Dr. Stacey notes, “Intriguingly, we observed a pattern whereby a genetic propensity to higher levels of lipids containing an arachidonic acid fatty acid side chain was associated with a lower risk of bipolar disorder, while the inverse was true of lipids containing a linoleic acid side chain. Since arachidonic acid is synthesized from linoleic acid in the liver, this suggests arachidonic acid synthesizing pathways are important for bipolar disorder.”
Given its presence in human milk, arachidonic acid is considered essential for infant brain development and is added to infant formula in many countries. Therefore, it may exert an effect on bipolar disorder risk by affecting neurodevelopmental pathways, which would be consistent with contemporary views of bipolar disorder as a neurodevelopmental disorder. Arachidonic acid can be sourced directly from meat and seafood products or synthesized from dietary linoleic acid (e.g., nuts, seeds, and oils).

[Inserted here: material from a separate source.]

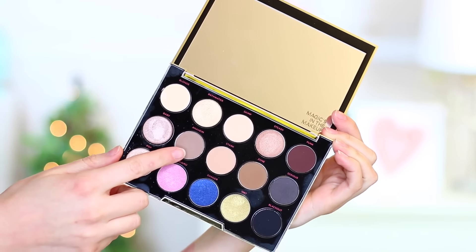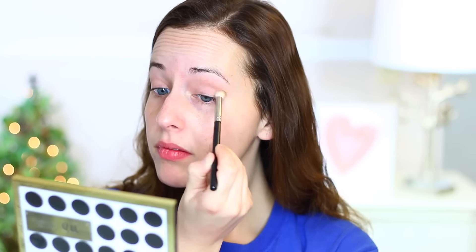I grabbed this little brush that I received in Ipsy — the brand is Bdellium, I don't know if I'm saying that right, but I love the shape. I'm going into Anaheim first — it's a really nice, neutral brown, not too dark and not too light. I'm putting that in my crease just for some definition. Then I'm grabbing a really fluffy brush to blend that out, especially around the very top edge.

Dr. Stacey concludes, “To our knowledge, ours is the first study to highlight a potential causal role between arachidonic acid and bipolar disorder. Preclinical studies and randomized controlled trials will be necessary to determine the preventive or therapeutic value of arachidonic acid supplements, perhaps with a particular focus on people with a compromised arachidonic acid synthesizing pathway or with poor natural dietary sources. Our findings also support potential avenues for precision health interventions focused on early life nutrition to ensure that infants and children are receiving enough arachidonic acid and other polyunsaturated fatty acids to support optimal brain development, which may also reduce the risk of bipolar disorder.”